===== Data provided

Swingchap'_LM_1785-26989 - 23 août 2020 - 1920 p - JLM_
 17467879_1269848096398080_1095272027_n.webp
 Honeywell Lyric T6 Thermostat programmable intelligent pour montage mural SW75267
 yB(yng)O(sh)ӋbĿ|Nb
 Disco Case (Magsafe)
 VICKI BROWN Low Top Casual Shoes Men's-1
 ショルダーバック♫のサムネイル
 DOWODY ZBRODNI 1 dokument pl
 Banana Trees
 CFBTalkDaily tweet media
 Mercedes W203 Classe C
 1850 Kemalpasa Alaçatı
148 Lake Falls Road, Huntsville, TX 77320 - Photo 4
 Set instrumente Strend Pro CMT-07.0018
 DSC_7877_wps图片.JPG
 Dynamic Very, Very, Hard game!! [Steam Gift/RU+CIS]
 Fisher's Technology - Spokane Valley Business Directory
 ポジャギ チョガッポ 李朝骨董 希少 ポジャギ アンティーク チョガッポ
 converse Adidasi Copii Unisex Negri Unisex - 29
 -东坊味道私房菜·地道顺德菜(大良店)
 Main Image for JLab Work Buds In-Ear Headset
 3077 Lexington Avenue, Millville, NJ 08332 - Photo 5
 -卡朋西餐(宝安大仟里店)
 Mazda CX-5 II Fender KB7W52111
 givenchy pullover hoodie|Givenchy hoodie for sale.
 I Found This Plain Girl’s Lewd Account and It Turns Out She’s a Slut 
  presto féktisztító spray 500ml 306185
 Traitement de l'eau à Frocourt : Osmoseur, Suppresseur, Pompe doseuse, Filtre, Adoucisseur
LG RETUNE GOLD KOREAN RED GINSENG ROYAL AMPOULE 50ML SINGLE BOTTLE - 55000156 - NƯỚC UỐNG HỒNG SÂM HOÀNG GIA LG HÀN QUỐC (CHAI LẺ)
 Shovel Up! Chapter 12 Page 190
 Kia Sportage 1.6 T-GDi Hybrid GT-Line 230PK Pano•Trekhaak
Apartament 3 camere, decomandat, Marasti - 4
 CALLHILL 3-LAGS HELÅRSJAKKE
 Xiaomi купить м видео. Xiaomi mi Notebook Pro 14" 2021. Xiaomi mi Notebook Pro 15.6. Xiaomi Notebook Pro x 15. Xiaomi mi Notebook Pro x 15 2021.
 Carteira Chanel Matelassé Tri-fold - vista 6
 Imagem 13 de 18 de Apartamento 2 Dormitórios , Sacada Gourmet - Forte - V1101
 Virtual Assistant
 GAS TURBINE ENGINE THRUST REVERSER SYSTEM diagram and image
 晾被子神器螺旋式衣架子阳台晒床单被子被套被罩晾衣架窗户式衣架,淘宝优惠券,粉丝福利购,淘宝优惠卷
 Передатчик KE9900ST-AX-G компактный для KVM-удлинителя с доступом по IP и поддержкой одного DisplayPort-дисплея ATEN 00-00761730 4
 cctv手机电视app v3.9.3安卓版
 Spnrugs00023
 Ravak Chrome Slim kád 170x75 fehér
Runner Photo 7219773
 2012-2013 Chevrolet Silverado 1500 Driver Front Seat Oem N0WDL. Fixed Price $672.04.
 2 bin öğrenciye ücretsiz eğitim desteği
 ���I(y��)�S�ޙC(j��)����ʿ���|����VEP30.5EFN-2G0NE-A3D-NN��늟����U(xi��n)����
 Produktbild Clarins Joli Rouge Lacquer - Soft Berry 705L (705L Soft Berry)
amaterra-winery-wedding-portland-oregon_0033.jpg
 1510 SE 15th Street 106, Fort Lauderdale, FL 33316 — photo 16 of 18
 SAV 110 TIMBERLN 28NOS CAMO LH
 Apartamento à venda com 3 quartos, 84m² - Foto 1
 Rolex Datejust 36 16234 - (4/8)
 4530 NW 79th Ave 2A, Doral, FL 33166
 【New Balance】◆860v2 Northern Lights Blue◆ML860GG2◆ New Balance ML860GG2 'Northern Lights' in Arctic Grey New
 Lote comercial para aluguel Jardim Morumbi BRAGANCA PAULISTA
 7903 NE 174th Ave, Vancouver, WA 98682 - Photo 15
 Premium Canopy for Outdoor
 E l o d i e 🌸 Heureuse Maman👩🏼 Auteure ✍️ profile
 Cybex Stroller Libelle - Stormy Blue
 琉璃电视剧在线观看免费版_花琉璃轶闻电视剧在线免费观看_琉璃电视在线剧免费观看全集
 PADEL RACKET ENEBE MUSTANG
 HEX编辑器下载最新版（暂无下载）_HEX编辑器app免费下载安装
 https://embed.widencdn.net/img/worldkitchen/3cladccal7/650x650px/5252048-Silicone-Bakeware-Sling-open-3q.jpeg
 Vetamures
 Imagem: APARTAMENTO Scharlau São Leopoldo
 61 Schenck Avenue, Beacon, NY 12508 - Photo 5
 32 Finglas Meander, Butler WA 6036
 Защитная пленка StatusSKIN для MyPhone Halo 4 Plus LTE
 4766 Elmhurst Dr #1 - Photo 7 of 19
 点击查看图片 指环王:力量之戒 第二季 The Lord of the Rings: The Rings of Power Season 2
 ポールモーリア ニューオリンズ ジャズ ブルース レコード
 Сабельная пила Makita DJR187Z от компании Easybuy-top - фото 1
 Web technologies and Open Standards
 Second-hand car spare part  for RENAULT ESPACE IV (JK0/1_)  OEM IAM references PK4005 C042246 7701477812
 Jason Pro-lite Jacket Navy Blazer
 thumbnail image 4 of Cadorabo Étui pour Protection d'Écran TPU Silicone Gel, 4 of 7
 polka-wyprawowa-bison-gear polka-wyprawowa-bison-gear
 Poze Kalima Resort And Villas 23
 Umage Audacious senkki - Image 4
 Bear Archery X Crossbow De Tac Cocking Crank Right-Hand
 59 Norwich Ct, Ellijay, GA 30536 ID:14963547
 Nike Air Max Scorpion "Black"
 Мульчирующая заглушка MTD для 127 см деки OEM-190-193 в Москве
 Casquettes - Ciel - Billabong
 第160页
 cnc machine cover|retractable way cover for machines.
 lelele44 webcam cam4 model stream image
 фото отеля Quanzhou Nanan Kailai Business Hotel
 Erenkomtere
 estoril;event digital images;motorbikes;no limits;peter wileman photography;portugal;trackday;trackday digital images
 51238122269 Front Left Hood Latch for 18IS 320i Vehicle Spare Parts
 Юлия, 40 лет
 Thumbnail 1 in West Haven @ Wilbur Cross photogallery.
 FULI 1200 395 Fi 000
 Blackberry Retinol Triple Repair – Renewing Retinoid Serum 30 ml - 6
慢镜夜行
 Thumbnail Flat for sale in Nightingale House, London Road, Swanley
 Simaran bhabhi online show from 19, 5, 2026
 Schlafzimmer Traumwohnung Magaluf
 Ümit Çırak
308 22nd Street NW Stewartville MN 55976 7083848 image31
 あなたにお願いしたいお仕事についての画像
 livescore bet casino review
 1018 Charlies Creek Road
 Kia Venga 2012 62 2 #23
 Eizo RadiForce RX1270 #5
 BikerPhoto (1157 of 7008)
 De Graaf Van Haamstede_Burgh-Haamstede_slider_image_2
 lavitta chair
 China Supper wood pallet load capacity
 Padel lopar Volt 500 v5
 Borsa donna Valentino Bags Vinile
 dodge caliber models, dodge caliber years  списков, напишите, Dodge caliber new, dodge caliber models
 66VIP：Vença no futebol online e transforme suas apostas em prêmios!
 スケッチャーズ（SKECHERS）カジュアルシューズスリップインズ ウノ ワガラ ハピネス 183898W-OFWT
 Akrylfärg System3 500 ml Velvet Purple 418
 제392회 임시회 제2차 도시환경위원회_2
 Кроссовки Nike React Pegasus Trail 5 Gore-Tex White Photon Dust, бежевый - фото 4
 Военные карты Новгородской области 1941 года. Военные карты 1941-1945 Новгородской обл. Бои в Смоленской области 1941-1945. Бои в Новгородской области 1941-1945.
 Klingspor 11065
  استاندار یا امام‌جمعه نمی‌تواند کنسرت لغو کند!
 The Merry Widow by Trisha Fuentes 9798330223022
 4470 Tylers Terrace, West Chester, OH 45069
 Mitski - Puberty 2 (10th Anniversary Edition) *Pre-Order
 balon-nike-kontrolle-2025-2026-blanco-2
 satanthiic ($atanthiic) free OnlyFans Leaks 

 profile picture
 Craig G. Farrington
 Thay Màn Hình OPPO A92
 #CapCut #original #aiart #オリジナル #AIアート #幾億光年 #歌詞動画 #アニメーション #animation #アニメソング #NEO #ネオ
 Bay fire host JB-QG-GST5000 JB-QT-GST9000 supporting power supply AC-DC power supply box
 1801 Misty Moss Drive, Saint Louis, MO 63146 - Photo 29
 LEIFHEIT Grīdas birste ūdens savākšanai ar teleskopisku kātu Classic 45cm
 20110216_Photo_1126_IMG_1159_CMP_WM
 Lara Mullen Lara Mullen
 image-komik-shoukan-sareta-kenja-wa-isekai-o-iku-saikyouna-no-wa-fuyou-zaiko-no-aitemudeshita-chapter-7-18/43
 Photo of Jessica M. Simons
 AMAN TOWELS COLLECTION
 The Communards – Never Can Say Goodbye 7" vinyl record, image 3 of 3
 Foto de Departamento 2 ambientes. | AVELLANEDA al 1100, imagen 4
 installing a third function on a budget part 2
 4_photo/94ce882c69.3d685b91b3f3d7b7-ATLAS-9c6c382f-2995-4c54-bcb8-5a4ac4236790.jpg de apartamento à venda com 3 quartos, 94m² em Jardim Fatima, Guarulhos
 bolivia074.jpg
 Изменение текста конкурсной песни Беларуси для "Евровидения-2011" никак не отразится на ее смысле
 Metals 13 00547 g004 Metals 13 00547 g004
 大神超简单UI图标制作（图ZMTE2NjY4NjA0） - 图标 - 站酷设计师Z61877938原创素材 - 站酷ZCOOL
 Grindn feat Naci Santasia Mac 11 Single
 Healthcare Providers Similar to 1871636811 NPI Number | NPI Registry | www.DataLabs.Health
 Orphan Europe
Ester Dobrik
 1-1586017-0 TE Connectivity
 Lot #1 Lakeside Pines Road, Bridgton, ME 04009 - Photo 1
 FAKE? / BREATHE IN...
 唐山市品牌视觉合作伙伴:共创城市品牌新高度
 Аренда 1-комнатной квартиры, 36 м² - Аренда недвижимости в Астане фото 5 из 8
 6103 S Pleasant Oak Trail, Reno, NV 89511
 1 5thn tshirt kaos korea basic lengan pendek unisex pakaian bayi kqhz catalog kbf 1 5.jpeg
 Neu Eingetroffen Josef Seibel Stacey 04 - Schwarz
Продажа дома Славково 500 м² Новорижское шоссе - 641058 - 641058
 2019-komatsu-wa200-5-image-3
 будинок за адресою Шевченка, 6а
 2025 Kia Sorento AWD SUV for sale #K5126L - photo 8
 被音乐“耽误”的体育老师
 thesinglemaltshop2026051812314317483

==========

In the entries above, how many lines hold the word "Street"? State the number only.

## Task output:
2